### Your instructions
Please transcribe the data exactly as shown, skipping the images.

### Given data
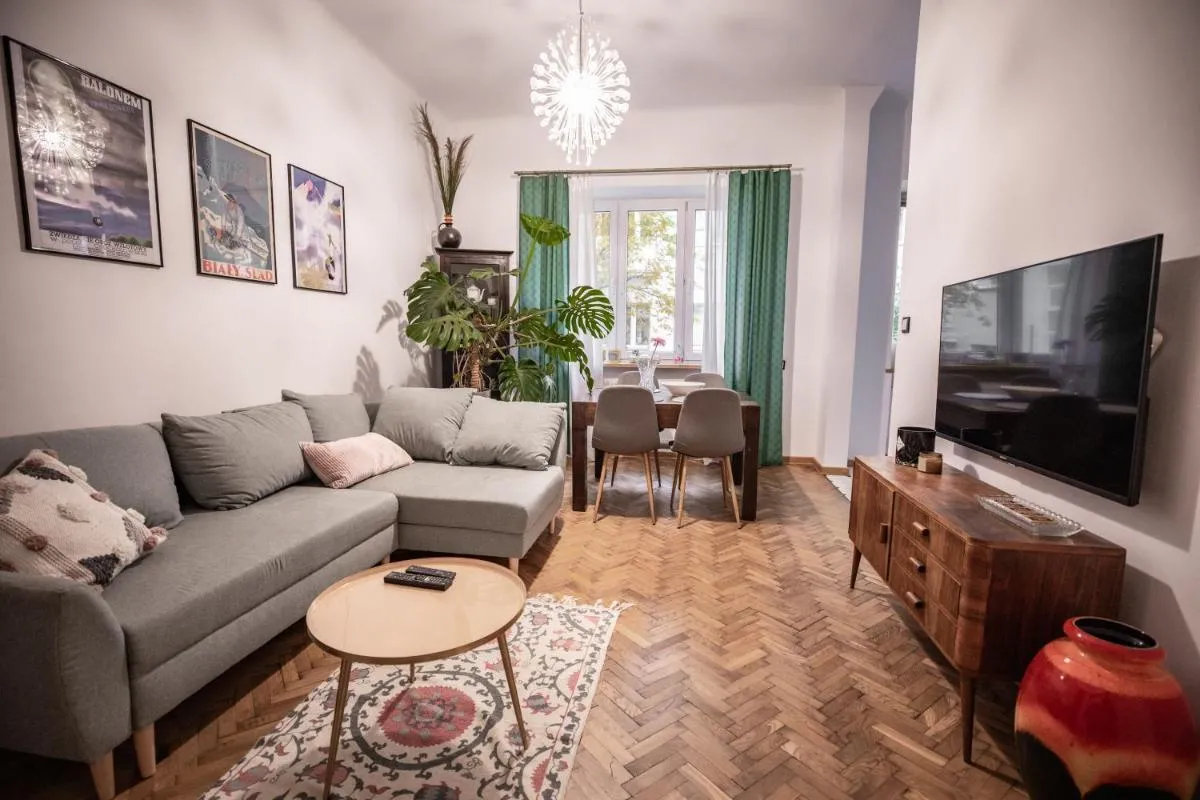 Image 1 of Warsaw Concierge Miedziana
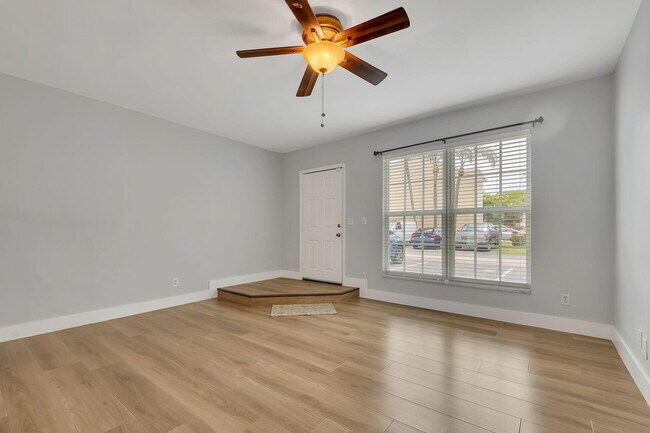 Building Photo - 2856 Belmont Ln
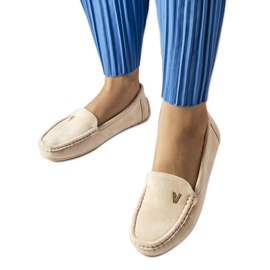 Beige loafers i øko-ruskind fra Beltsville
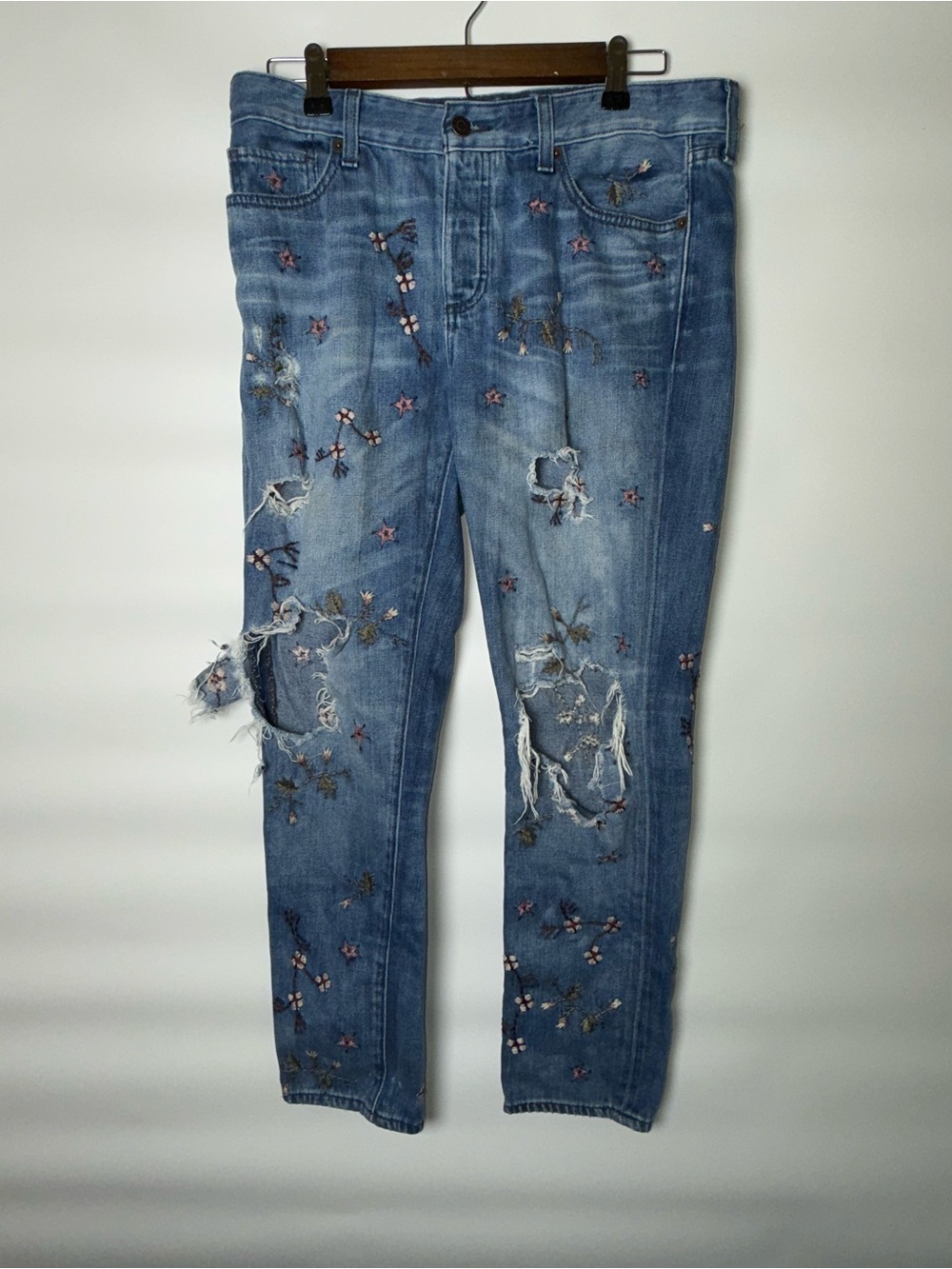 Lucky Brand Sienna Slim Boyfriend Floral Embroidered Distressed Jeans Size 4/27 - Picture 2 of 11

### Final answer
 Image 1 of Warsaw Concierge Miedziana
 Building Photo - 2856 Belmont Ln
 Beige loafers i øko-ruskind fra Beltsville
 Lucky Brand Sienna Slim Boyfriend Floral Embroidered Distressed Jeans Size 4/27 - Picture 2 of 11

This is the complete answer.